Decision Radar (Algeria Lens)

Dimension Assessment
Relevance for Algeria Medium — Algeria has no current legislation specifically restricting minors’ social media access, but social media harms affecting youth are a genuine public concern. The global debate informs what policy options exist.
Infrastructure Ready? Partial — Algeria has a national digital identity system (biometric ID cards) that could theoretically support age verification, but no age assurance APIs or third-party verification infrastructure connected to platforms exist.
Skills Available? Partial — Legal expertise in digital regulation is limited; Algeria’s tech policy community is nascent. Awareness of international models is low among regulators.
Action Timeline 12-24 months — No immediate legislation expected, but Algeria’s digital economy law evolution may eventually address platform obligations for minors.

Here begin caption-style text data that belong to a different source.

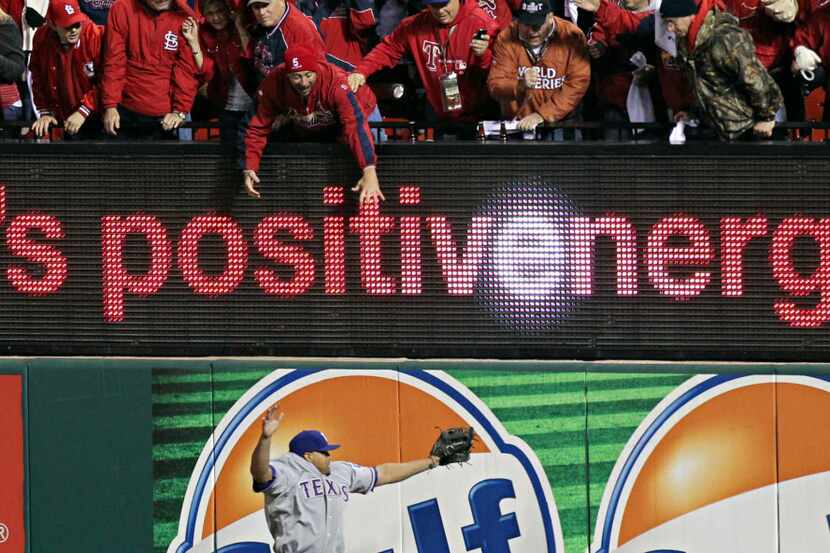St. Louis Cardinals fans reach as Texas Rangers right fielder Nelson Cruz can't come up with...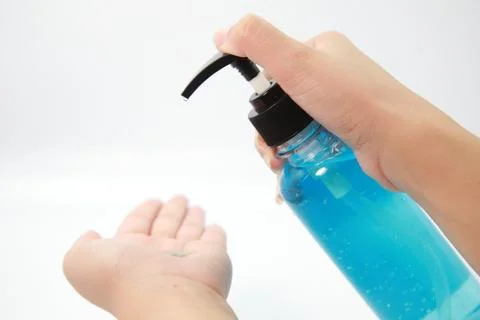 Cleaning hand using alcohol gel. 스톡 사진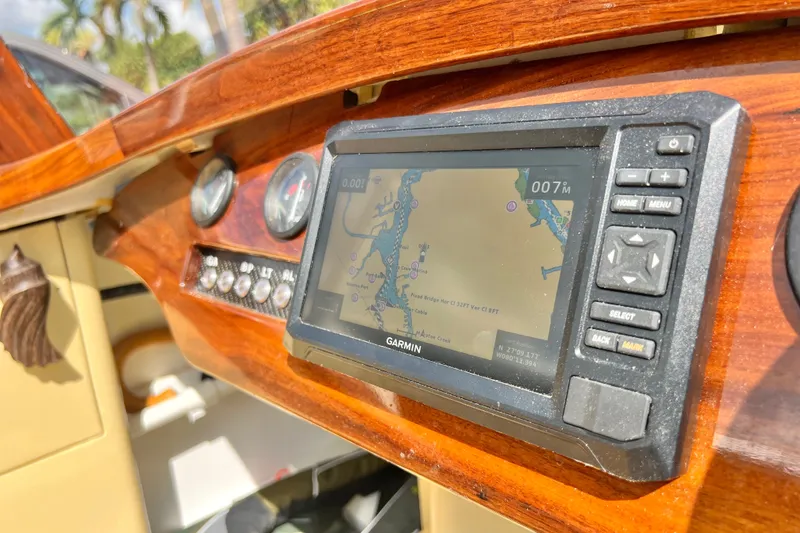 Slide: The Image of Dashboard of a 2025 Custom Line 17 boat with Garmin GPS navigation system. - 49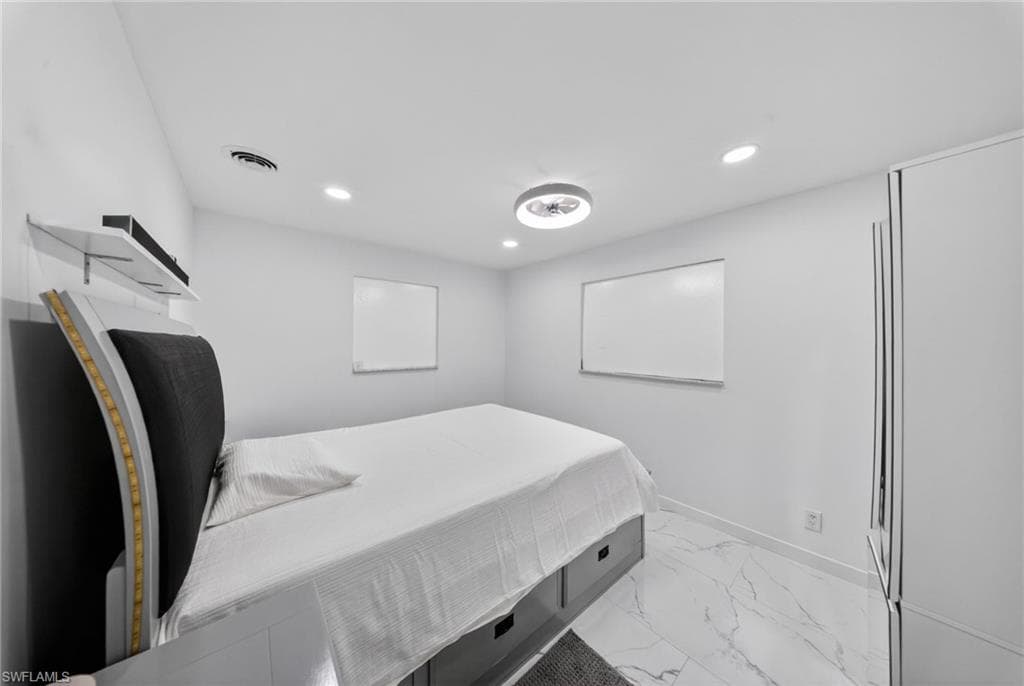 Room featuring white walls, recessed ceiling lighting, a modern flush-mount ceiling fixture, and white marble-look flooring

Key Stakeholders Ministry of Digital Economy, ARPT (telecom regulator), Ministry of National Education, Algerian families and youth advocates
Decision Type Monitor

Quick Take: Algeria is not on the legislative frontier here, but the global pressure on platforms to differentiate products for minors will affect how TikTok, Meta, and others operate in the country regardless of local law. Algerian policymakers and educators should study which regulatory models — Australia’s blunt ban, the UK’s design code — are proving legally durable, as this debate will arrive in the MENA region eventually.